Meanwhile, in the free software world...

https://docs.google.com/presentation/d/1ySTZaXP5XKFg0OpmHZM0...

https://github.com/behdad/harfbuzz/blob/master/test/shaping/...

(Harfbuzz is the default text layout engine for Linux GUI frameworks: Qt, GTK, etc)


This talk at Google by Roozbeh Pournader is very good at laying out the issues with bidirectional language issues in software. This is a non-trivial problem and is rarely ever solved correctly.

https://www.youtube.com/watch?v=wOEzYefrqo4


And not so ironically, Behdad Esfahbod, one of the original developers of HarfBuzz, works for Google now, according to his blurb on Github.

https://github.com/behdad

I actually emailed him a few times before I discovered mlterm to read Arabic and other RTL fonts in a terminal (you might ask why: file names and I use mutt for email). Very nice guy, and I am very appreciative of this library.


That was an amazing article, and a great insight into middle eastern scripts in the digital world.

It doesn't look like it'll get out of the new queue, but I wanted to thank OP for sharing it anyway.


Pro tip: Mughul India is not the Middle East, and neither is Pakistan or Iran.

There are arabic derived scripts at least as far east as China and the Philippines (jawi), but describing them as Middle Eastern is plain wrong - just as you would not describe Balinese or Cambodian as Indus Valley.


The article talks about two arabic scripts. Saying "Middle eastern" is more inclusive than saying "arabic" and while it does not include pakistan, it does almost reach it. Kind of like when we talk about Europe and increase the reach a bit more. Or when you say "the United States" when you really mean north america (a much worse offender since you talk about a country). This was my logic when writing it.

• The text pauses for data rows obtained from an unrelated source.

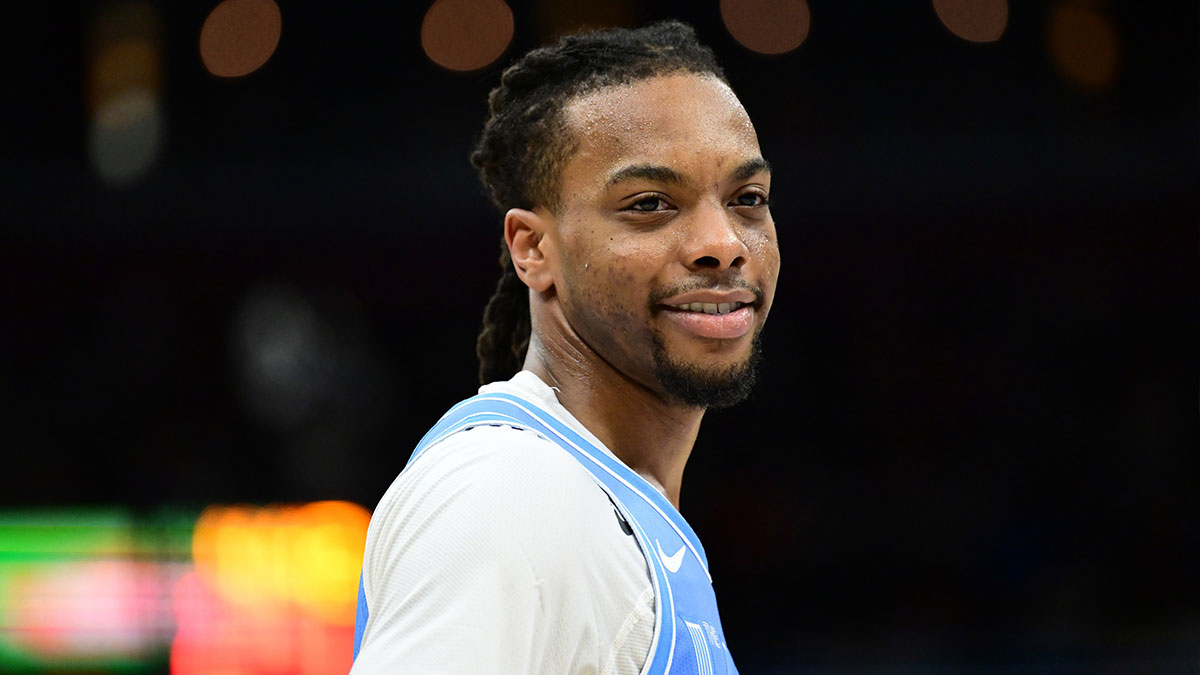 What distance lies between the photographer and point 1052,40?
900cm

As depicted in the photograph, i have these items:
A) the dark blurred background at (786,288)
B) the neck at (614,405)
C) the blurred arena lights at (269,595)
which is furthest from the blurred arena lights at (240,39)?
the neck at (614,405)

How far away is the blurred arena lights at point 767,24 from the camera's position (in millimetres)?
8969

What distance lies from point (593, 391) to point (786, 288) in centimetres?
702

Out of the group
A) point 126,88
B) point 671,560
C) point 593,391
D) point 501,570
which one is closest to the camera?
point 501,570

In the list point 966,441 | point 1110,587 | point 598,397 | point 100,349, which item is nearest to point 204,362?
point 100,349

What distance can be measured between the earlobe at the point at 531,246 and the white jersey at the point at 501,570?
44 centimetres

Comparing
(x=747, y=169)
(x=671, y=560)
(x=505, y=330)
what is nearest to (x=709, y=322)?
(x=747, y=169)

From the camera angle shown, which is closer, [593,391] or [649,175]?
[649,175]

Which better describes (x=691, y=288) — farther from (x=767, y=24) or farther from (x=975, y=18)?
(x=975, y=18)

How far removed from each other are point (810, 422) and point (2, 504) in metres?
5.05

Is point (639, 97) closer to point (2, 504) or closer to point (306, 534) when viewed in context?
point (306, 534)

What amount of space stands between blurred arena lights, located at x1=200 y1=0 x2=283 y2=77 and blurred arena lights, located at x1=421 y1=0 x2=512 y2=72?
3.45 ft

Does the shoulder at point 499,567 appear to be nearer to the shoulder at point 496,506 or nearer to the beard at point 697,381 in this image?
the shoulder at point 496,506

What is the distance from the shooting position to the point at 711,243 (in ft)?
5.96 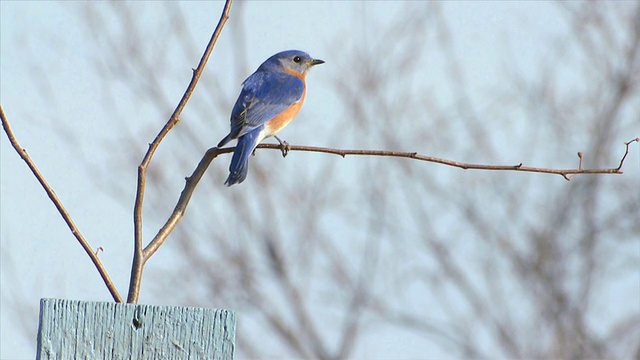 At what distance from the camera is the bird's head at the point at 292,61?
20.5 feet

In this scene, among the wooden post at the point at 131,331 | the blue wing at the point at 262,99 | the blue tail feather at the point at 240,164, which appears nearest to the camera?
the wooden post at the point at 131,331

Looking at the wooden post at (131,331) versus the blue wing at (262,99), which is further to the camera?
the blue wing at (262,99)

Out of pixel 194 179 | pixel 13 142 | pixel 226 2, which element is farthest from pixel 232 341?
pixel 226 2

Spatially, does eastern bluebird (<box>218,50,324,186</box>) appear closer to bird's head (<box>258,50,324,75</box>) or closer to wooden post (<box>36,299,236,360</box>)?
bird's head (<box>258,50,324,75</box>)

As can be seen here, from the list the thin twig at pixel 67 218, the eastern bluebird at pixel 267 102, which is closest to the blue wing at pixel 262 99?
the eastern bluebird at pixel 267 102

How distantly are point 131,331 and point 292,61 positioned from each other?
14.7 ft

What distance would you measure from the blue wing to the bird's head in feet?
0.77

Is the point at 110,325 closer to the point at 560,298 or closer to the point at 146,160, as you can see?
the point at 146,160

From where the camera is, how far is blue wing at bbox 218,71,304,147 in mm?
4688

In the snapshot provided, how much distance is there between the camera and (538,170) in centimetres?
249

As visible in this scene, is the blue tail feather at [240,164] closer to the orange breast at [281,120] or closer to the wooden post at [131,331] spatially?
the orange breast at [281,120]

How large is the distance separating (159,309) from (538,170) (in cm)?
100

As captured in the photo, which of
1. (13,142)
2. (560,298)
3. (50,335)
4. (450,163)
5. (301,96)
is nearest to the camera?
(50,335)

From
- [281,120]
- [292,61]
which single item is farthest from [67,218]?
[292,61] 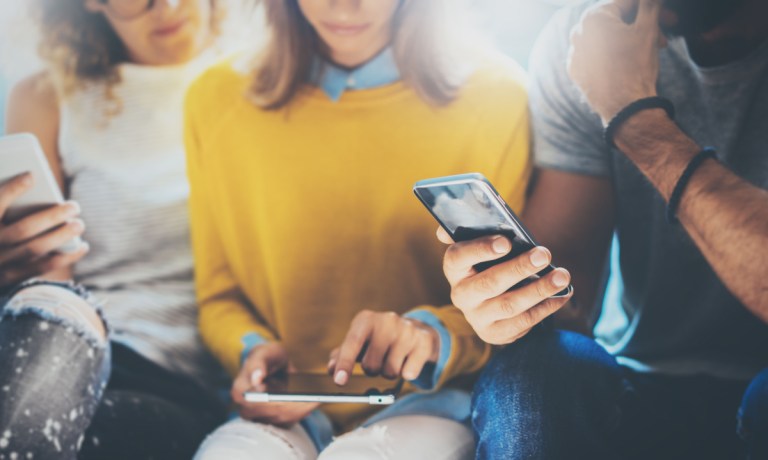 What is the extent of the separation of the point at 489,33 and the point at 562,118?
192 mm

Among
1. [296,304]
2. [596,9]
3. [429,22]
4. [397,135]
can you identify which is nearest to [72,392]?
[296,304]

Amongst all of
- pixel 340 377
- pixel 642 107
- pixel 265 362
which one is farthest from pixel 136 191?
pixel 642 107

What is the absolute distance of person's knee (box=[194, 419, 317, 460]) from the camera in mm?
748

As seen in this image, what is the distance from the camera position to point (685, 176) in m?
0.70

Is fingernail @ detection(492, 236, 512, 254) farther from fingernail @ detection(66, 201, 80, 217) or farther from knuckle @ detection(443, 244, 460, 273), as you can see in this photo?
fingernail @ detection(66, 201, 80, 217)

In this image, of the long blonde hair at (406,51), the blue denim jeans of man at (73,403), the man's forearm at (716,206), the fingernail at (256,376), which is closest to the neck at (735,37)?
the man's forearm at (716,206)

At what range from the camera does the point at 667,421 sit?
31.5 inches

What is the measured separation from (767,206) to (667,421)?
28 centimetres

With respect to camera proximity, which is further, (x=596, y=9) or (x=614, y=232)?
(x=614, y=232)

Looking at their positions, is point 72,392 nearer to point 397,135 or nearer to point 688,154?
point 397,135

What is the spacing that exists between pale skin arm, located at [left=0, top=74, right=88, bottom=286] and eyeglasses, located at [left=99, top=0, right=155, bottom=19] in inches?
5.7

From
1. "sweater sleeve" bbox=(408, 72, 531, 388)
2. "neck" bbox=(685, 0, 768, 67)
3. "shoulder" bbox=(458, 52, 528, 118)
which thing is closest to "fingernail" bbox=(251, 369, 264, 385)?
"sweater sleeve" bbox=(408, 72, 531, 388)

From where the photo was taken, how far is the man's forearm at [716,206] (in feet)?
2.12

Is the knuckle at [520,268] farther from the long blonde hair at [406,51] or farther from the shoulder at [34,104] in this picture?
the shoulder at [34,104] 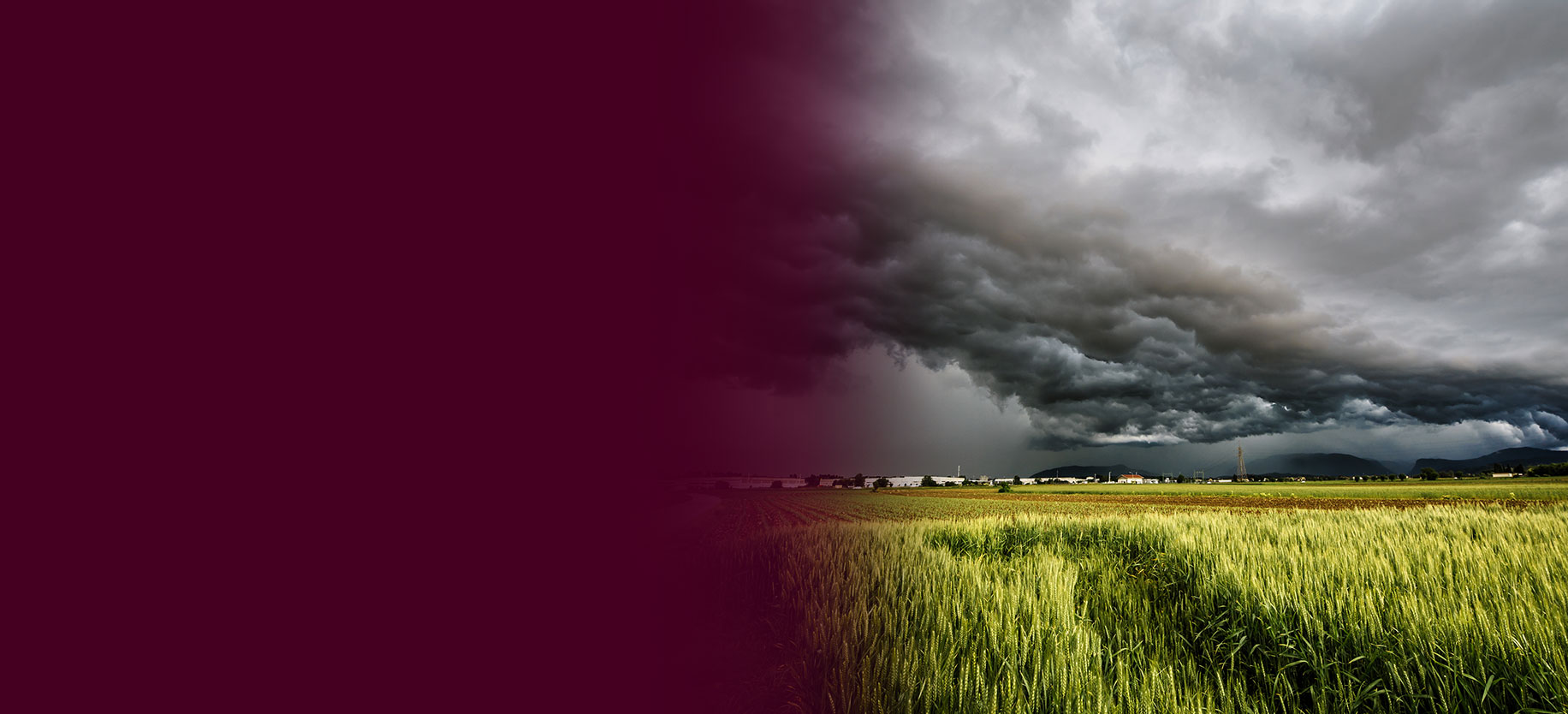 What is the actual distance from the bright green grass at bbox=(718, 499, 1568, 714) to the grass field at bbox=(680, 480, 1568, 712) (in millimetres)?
24

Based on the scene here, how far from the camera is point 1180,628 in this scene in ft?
20.0

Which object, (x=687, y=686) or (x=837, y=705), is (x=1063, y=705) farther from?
(x=687, y=686)

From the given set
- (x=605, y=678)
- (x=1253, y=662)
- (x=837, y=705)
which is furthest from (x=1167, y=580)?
(x=605, y=678)

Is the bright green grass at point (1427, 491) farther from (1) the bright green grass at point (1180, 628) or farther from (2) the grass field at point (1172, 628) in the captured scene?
(2) the grass field at point (1172, 628)

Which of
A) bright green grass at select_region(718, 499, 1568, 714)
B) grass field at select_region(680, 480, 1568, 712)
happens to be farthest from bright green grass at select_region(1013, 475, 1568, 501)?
grass field at select_region(680, 480, 1568, 712)

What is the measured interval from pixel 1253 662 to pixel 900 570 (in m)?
3.22

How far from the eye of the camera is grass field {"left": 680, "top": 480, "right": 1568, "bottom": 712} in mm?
3172

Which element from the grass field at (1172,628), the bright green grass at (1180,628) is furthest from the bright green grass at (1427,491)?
the grass field at (1172,628)

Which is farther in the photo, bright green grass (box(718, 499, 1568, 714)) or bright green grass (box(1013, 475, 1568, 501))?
bright green grass (box(1013, 475, 1568, 501))

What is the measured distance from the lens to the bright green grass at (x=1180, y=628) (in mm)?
3160

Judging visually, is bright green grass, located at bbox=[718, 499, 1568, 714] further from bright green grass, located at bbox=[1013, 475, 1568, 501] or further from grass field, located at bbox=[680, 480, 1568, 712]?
bright green grass, located at bbox=[1013, 475, 1568, 501]

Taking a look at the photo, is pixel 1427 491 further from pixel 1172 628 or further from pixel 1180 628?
pixel 1172 628

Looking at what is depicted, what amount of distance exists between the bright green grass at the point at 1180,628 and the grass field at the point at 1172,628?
2 centimetres

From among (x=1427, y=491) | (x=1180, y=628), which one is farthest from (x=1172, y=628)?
(x=1427, y=491) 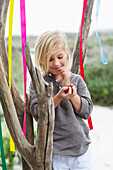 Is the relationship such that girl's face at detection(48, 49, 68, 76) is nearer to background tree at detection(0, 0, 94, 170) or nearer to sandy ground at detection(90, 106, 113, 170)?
background tree at detection(0, 0, 94, 170)

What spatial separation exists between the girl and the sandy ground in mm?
1975

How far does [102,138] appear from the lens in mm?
3623

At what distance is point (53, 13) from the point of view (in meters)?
5.14

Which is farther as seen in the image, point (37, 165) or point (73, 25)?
point (73, 25)

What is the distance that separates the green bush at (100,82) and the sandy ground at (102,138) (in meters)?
0.25

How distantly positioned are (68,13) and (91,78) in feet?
5.96

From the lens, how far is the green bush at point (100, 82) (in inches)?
203

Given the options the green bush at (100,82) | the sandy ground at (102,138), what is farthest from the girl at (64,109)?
the green bush at (100,82)

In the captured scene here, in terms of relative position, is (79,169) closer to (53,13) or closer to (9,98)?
(9,98)

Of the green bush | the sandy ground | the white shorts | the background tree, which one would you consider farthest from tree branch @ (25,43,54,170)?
the green bush

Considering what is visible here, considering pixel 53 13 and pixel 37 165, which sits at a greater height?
pixel 53 13

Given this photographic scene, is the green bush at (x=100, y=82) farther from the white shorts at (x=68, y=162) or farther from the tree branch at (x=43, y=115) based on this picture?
the tree branch at (x=43, y=115)

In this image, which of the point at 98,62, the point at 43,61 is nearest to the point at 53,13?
the point at 98,62

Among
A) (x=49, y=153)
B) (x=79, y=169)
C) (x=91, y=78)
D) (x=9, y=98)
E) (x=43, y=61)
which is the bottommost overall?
(x=91, y=78) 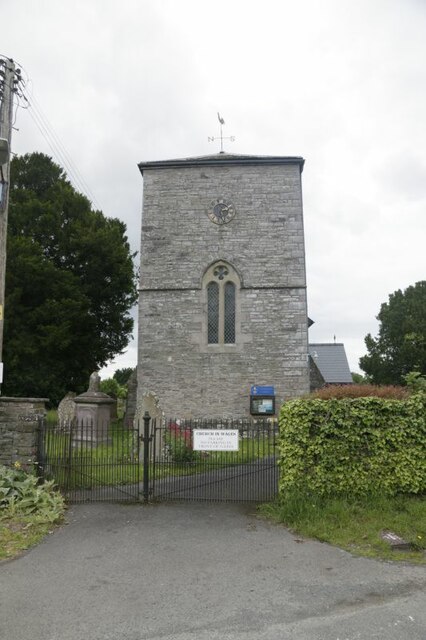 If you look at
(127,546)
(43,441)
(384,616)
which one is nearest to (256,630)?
(384,616)

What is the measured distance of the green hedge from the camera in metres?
7.54

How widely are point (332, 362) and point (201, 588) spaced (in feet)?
116

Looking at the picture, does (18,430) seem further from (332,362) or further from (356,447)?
(332,362)

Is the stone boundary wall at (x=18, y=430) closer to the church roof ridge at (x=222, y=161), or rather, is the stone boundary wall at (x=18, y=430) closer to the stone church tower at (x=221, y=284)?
the stone church tower at (x=221, y=284)

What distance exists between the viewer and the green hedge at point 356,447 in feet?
24.7

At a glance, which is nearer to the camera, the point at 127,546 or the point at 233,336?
the point at 127,546

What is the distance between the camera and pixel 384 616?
14.4 ft

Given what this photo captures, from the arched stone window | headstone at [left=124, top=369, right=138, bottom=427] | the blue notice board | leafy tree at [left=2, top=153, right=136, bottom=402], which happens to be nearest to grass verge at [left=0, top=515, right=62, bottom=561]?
headstone at [left=124, top=369, right=138, bottom=427]

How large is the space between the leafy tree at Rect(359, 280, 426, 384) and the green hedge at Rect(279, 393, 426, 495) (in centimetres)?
2647

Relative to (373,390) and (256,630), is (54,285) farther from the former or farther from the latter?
(256,630)

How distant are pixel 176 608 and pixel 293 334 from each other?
13.8 m

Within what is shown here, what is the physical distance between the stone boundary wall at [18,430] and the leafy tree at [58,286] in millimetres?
12078

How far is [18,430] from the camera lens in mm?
8352

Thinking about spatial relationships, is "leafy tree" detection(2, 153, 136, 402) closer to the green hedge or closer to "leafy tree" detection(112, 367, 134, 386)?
the green hedge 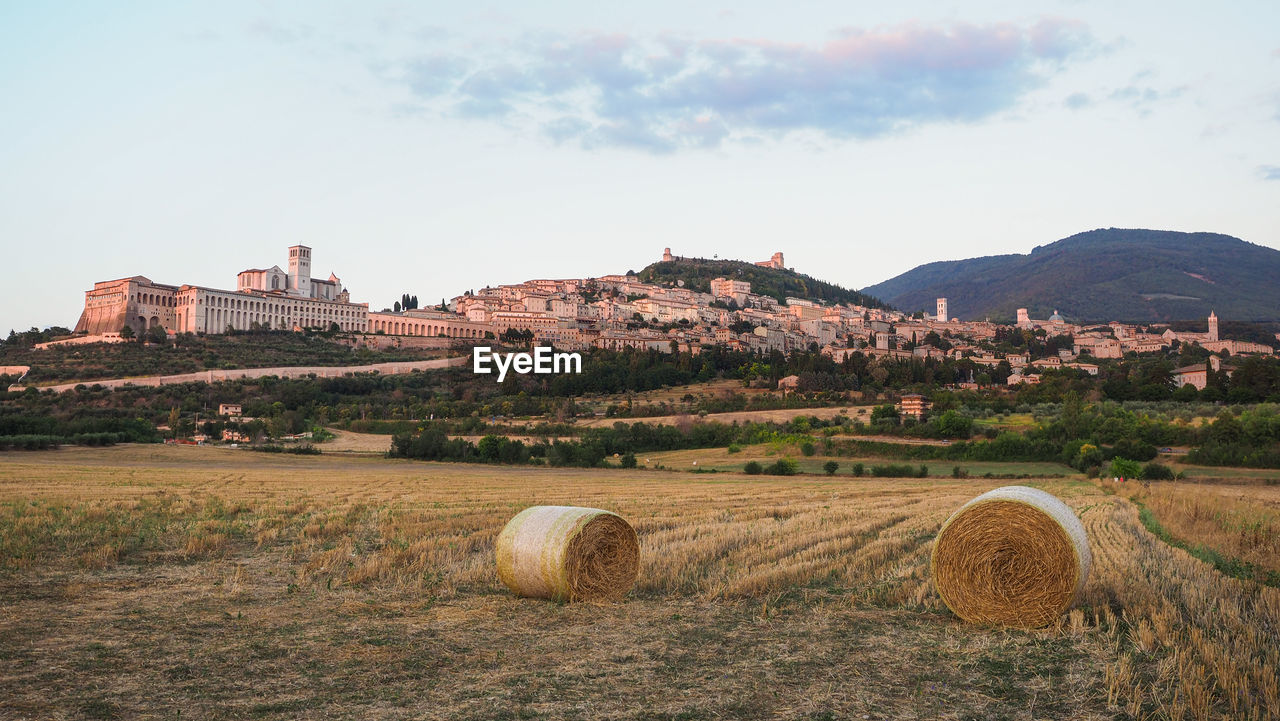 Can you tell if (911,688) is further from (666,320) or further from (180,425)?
(666,320)

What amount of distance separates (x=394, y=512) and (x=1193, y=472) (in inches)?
1471

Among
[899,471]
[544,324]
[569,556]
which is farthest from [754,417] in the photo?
[544,324]

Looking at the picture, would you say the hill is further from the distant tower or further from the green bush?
the green bush

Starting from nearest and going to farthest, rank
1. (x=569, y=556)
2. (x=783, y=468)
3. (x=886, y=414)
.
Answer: (x=569, y=556)
(x=783, y=468)
(x=886, y=414)

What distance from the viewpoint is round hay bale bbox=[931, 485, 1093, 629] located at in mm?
9172

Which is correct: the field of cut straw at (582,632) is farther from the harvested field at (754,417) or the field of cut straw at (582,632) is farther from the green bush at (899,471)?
the harvested field at (754,417)

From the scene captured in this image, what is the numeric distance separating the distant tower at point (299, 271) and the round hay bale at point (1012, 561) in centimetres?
17204

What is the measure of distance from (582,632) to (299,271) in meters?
175

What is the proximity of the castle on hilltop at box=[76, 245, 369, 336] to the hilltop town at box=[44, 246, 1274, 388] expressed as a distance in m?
0.16

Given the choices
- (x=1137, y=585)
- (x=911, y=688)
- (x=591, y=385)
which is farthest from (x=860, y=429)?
(x=911, y=688)

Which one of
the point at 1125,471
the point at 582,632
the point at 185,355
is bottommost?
the point at 1125,471

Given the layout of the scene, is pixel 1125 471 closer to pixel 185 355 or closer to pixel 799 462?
pixel 799 462

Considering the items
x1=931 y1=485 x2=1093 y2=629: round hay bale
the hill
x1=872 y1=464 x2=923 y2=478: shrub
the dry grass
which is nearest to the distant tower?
the hill

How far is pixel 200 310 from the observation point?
136000 mm
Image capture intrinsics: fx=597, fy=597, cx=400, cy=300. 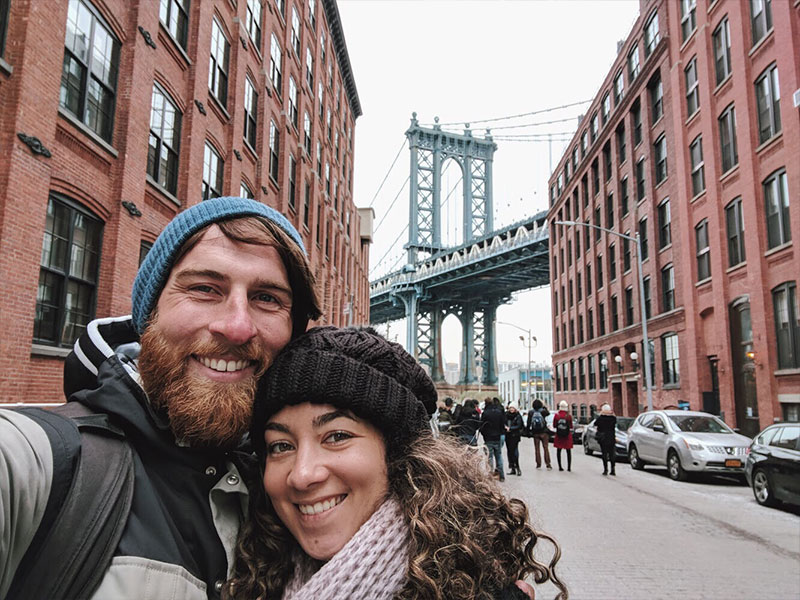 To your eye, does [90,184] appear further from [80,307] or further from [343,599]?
[343,599]

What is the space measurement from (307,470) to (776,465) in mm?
10709

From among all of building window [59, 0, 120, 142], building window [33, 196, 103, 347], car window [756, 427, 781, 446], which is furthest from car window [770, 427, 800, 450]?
building window [59, 0, 120, 142]

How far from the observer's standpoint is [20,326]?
328 inches

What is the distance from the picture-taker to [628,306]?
3428cm

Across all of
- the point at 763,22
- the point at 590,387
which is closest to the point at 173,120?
the point at 763,22

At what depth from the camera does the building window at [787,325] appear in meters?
18.1

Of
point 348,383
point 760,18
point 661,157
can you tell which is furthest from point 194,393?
point 661,157

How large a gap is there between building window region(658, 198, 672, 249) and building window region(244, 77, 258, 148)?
65.0 ft

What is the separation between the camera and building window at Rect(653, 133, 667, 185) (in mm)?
29406

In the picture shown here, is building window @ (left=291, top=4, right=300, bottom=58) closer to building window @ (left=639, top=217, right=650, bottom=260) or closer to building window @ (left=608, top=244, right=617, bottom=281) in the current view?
building window @ (left=639, top=217, right=650, bottom=260)

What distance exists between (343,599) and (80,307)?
396 inches

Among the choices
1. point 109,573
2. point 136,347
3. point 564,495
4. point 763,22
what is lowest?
point 564,495

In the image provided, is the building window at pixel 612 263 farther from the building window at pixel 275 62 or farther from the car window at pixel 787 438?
the car window at pixel 787 438

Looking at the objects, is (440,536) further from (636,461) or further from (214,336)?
(636,461) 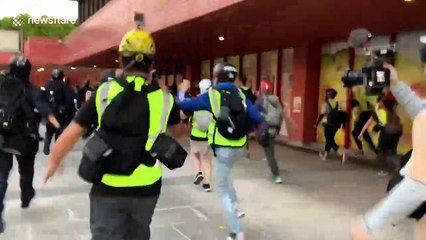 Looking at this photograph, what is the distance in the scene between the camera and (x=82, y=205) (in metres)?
7.29

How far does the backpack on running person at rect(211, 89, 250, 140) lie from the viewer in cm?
539

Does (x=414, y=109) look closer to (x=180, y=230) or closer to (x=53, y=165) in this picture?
(x=53, y=165)

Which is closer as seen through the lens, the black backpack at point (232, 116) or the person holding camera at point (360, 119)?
the black backpack at point (232, 116)

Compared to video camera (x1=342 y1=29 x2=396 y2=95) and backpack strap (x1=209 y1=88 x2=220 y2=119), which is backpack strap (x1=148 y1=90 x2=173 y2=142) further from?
backpack strap (x1=209 y1=88 x2=220 y2=119)

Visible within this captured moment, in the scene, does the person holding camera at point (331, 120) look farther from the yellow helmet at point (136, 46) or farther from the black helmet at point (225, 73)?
the yellow helmet at point (136, 46)

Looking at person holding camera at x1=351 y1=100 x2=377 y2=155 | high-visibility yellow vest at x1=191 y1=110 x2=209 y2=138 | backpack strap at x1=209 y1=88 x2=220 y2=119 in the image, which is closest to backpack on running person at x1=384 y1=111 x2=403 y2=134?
person holding camera at x1=351 y1=100 x2=377 y2=155

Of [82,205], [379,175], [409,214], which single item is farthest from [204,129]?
[409,214]

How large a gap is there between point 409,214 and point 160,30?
12.1 metres

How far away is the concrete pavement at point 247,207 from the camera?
5.93 metres

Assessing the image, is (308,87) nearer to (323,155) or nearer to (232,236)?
(323,155)

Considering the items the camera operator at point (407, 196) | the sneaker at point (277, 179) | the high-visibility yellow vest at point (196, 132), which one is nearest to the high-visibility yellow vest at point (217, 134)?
the camera operator at point (407, 196)

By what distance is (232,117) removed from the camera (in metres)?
5.45

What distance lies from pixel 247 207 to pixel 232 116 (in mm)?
2156

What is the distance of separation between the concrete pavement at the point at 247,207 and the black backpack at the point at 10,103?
1.09m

I'm not a history expert. I would love a history lesson but you seem like a very poor teacher, "picking" on people who just try to be nice. I did not know this article was going to be on the frontpage as I said in my original comment - I caught it at 2 points. Had I known my comment was going to go through a seven-way review by a wide variety of experts, I'd have just said "non-latin scripts" to be on the safe side. (/s)

Sorry for the rant - People correcting each others where correction does not at all matter bothers me to no end. It feels like a sneaky and thoroughly annoying way of flashing your "I know THINGS!" credentials.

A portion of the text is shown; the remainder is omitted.